Mr. Frankfurt became president of Young & Rubicam at the age of 36, a feat remarkable not just because of his relative youth but also because it was almost unheard-of then in advertising to have a top executive come out of the art department.

"A creative person being the head of an ad agency back then was unbelievable," said George Lois, a prominent art director who was pushing the creative boundaries at his own firm at the same time. Mr. Frankfurt's promotion, he said, was a sign of how the industry was embracing the experts in visual arts.

Hollywood also took note of Mr. Frankfurt's work. Alan J. Pakula, as the producer, hired him to create the title sequence for "To Kill a Mockingbird" (1962), in which the tomboy Scout unpacks treasures from a cigar box to a haunting score. (These would later be revealed to be gifts from her mysterious neighbor Boo Radley.) His goal, Mr. Frankfurt told The New York Times in 2005, was "to find a way to get into the head of a child."

He went on to receive movie assignments regularly, creating titles and directing marketing campaigns for "Rosemary's Baby" (1968), "Superman" (1978) and "Kramer vs. Kramer" (1979), among other films.

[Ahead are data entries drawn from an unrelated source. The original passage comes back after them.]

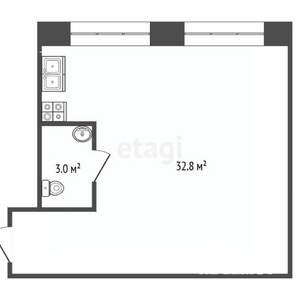 1-к квартира, вторичка, 36м2, 2/5 этаж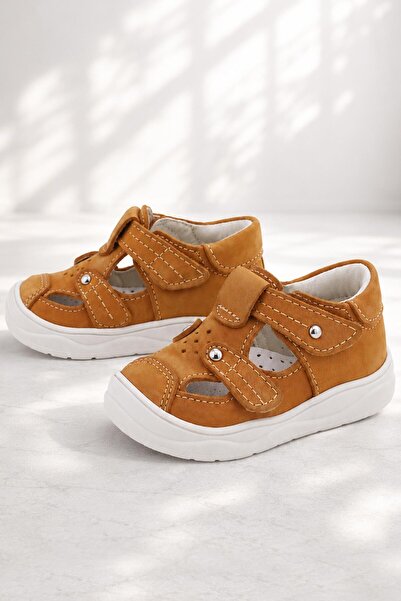 Rakerplus Genuine Leather Velcro Fastening Tan Baby Sandals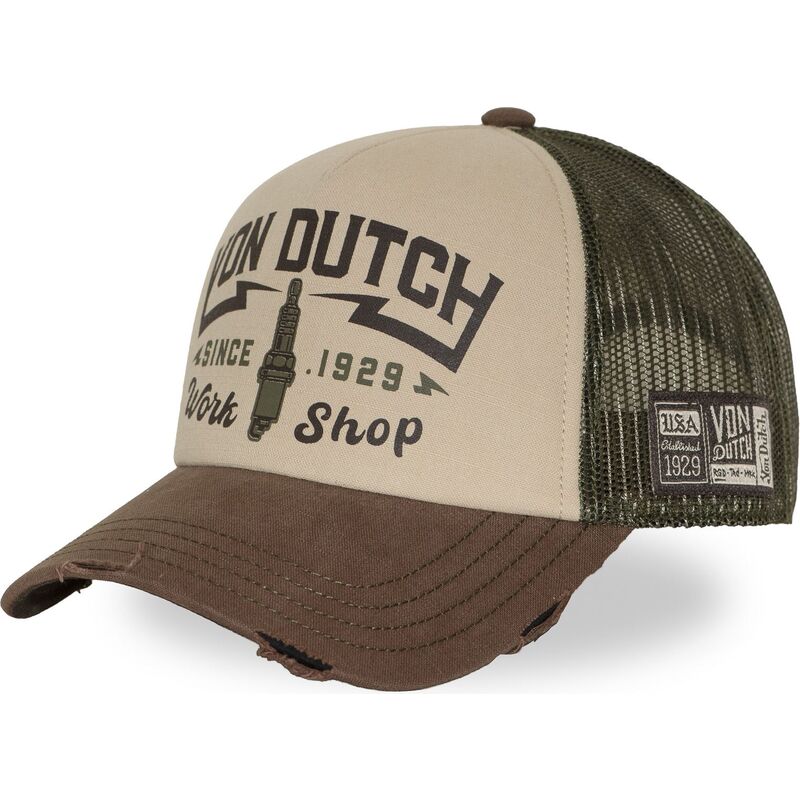 casquette-trucker-marron-et-verte-crew40-von-dutch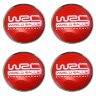комплект колпачков центрального отверстия со стикером WRC (63/58/8) хром+красный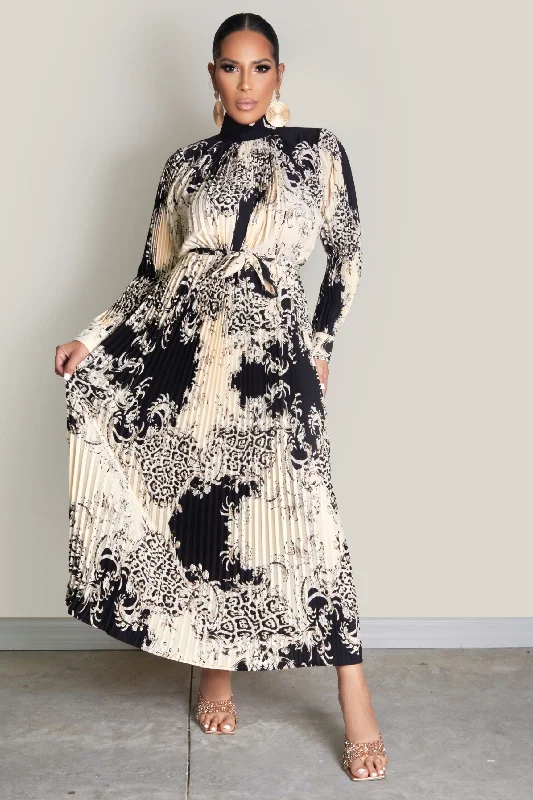 Long Sleeves Pleated Maxi Dress Trendy Maxi Dress with Bow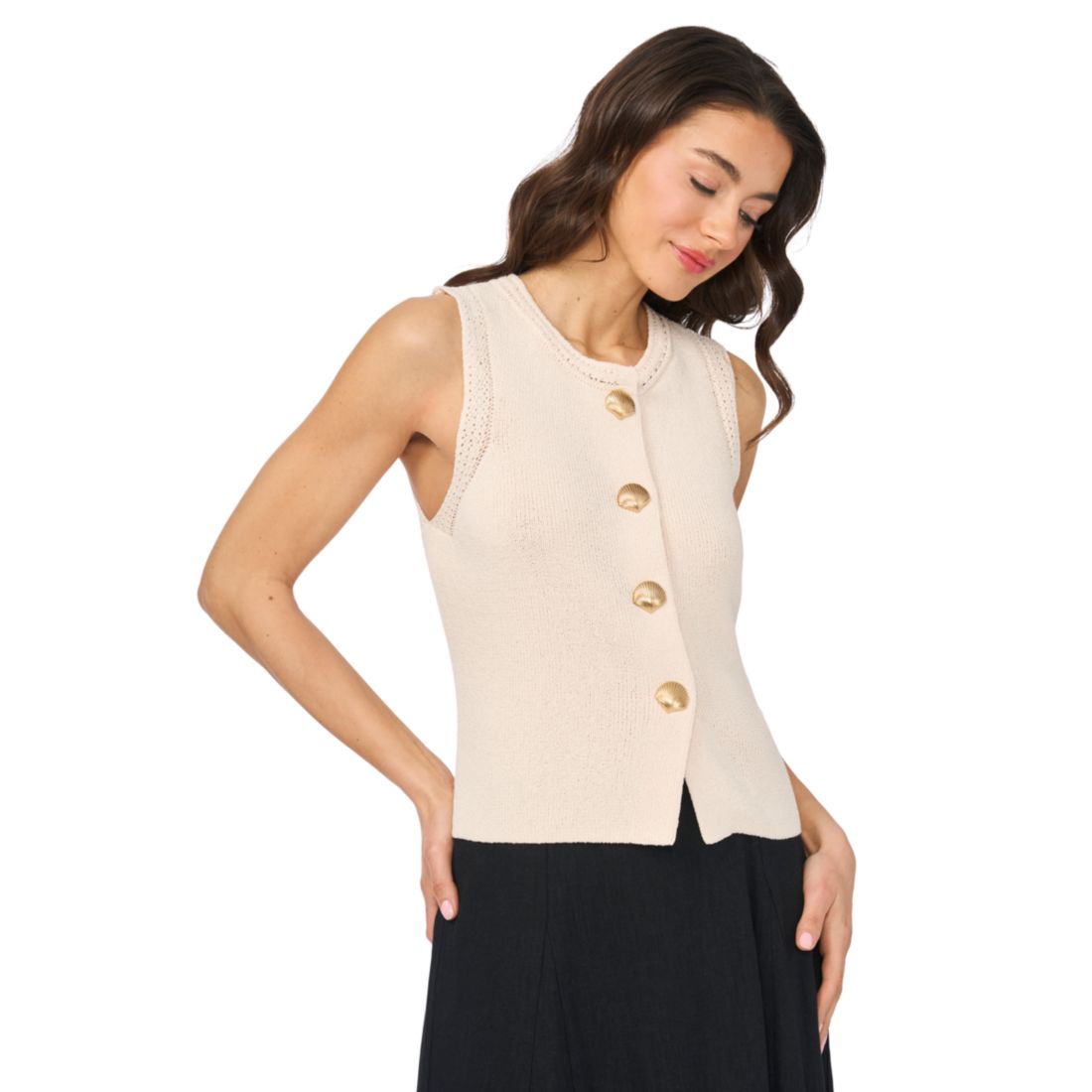 Cece Women's Crewneck Shell-Button Tank Top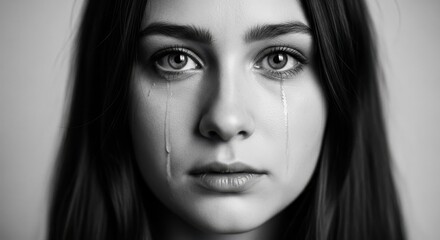 Fototapeta premium Close-up black and white portrait of a crying young woman's face with tears streaming down, evoking profound sadness.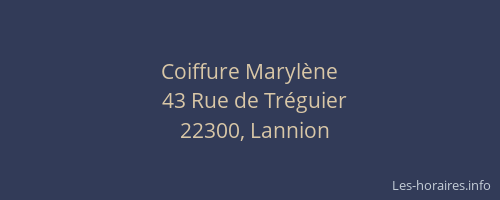 Coiffure Maryl&egrave;ne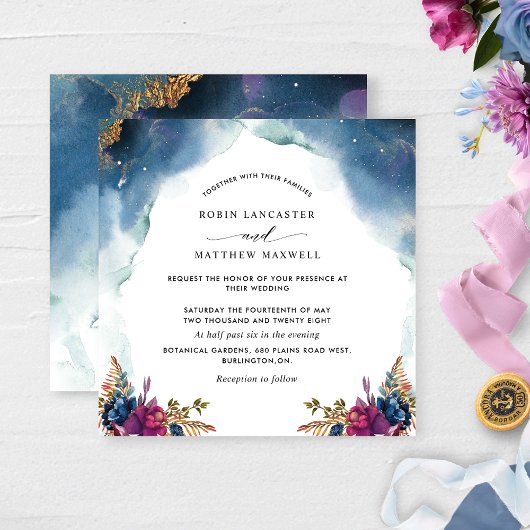 Celestial, Blue Lila und Aquamarin Square Wedding Einladung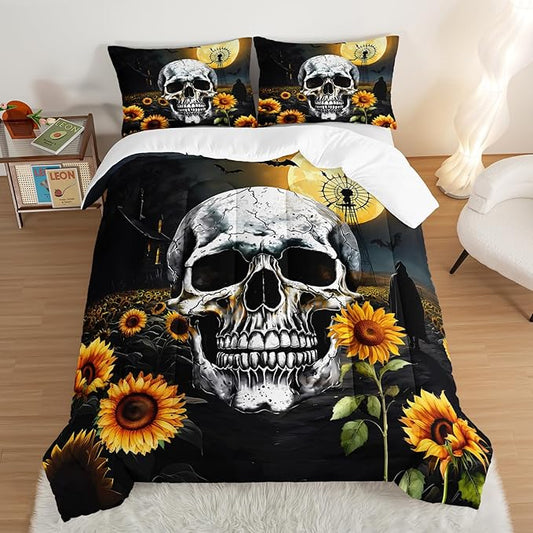 Skull Comforter Set for Gothic Decor Bedroom,Sunflower Floral Bat Print Bedding Queen Size Comforter Set for Kids Boys Girls,Dark Night Halloween Horror Bedding Set with 2 Pillowcases.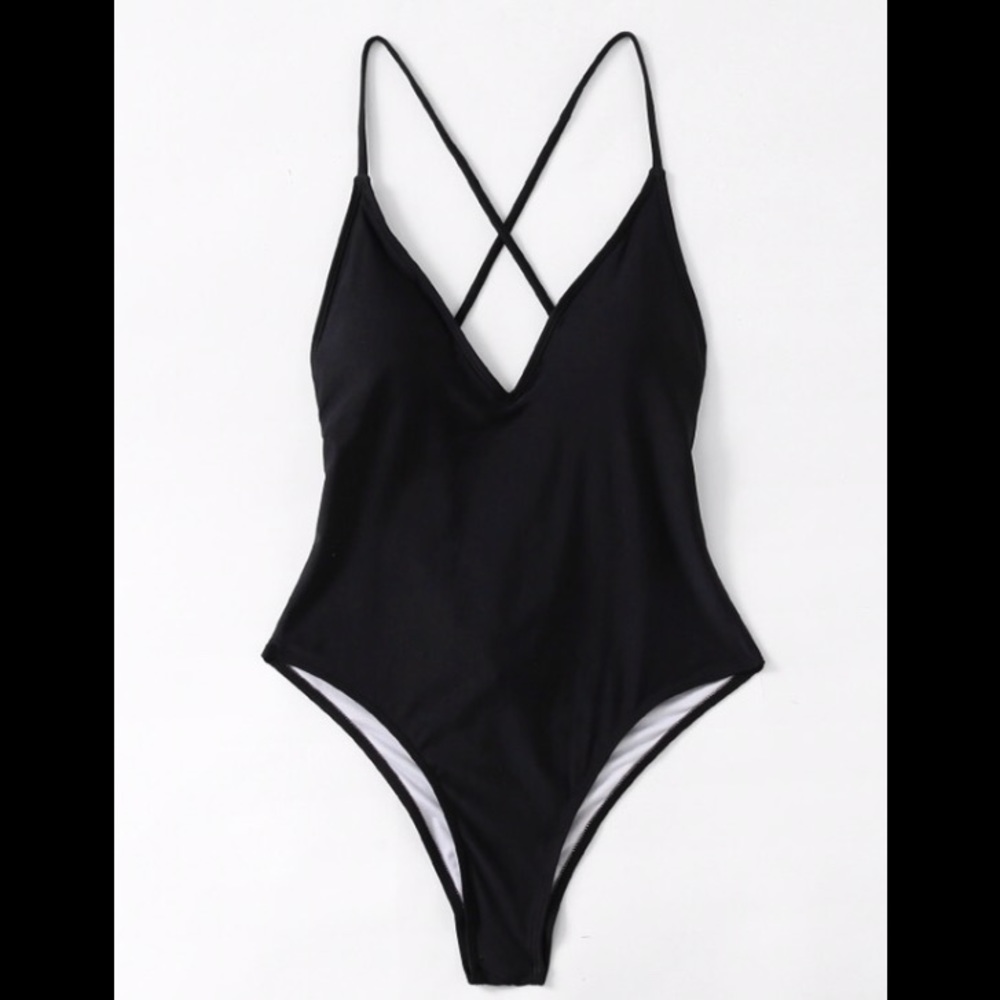 Cross Back Plunge Swimsuit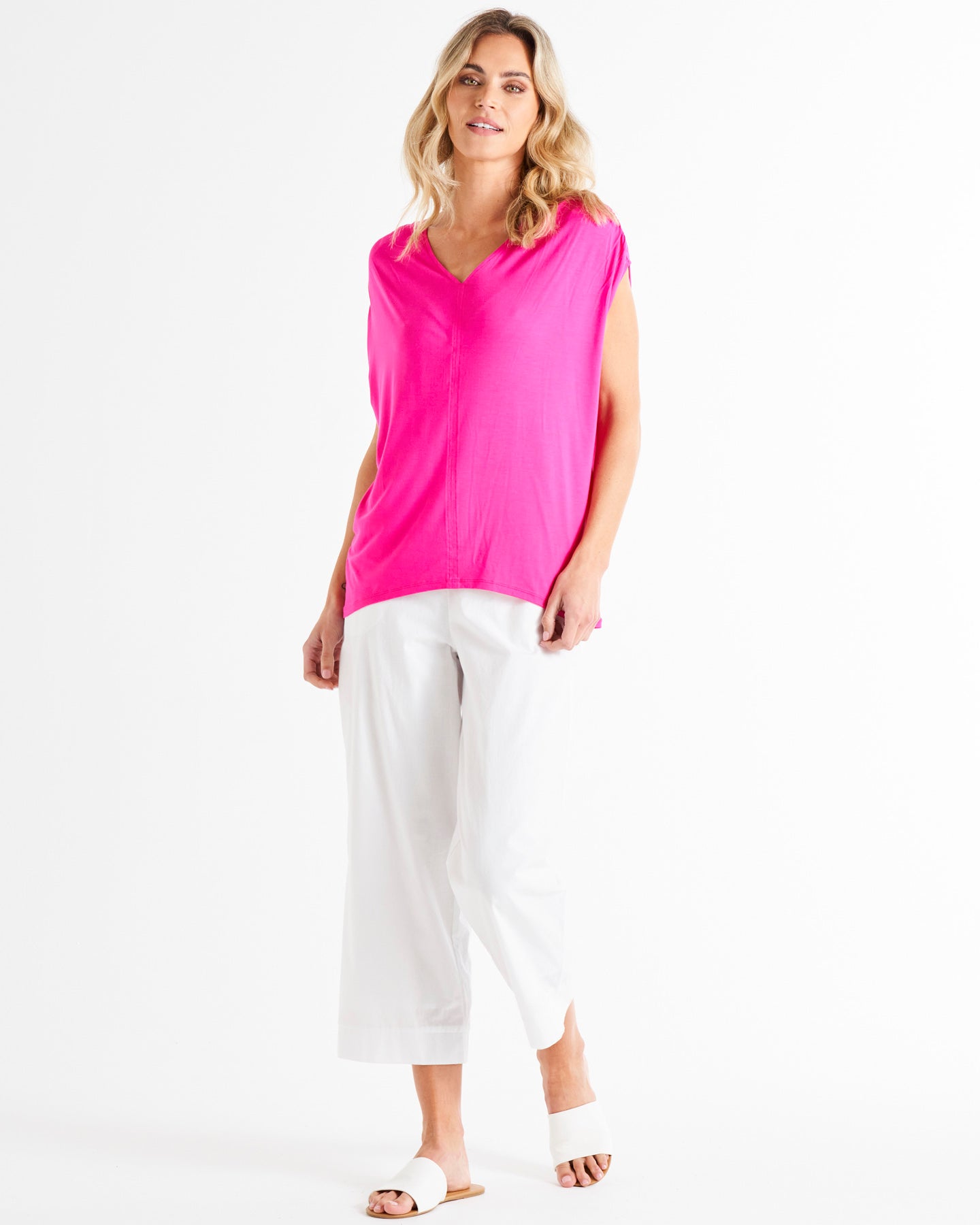 Chelsea Stretchy V-Neck Cap Sleeve Tee - Raspberry Pink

Stephen Owen Frankfurt was born on Dec. 17, 1931, in Manhattan to Blanche and Milton Frankfurt. His father was a lawyer for New York City. Stephen attended the High School of Music and Art and Pratt Institute. (He returned to Pratt to earn a doctorate in 1975.) Trying to break into the film industry, he worked as a background painter for an animation studio during college and immediately afterward.

He left Young & Rubicam four years after he was named president. "I never had a frustrating day in that company, until I became president," he said in an interview for the Art Directors Awards. He started his own communications firm, under his own name, in 1971.

Mr. Frankfurt's first marriage, to Suzanne Allen, ended in divorce. He married Kay Gadda in 1969. In addition to his wife, he is survived by two sons from his first marriage, Jaime and Peter; four children from his second marriage, Nicholas, Abigail and Emily Frankfurt and Rebecca Nadler; a brother, Michael; and three grandchildren.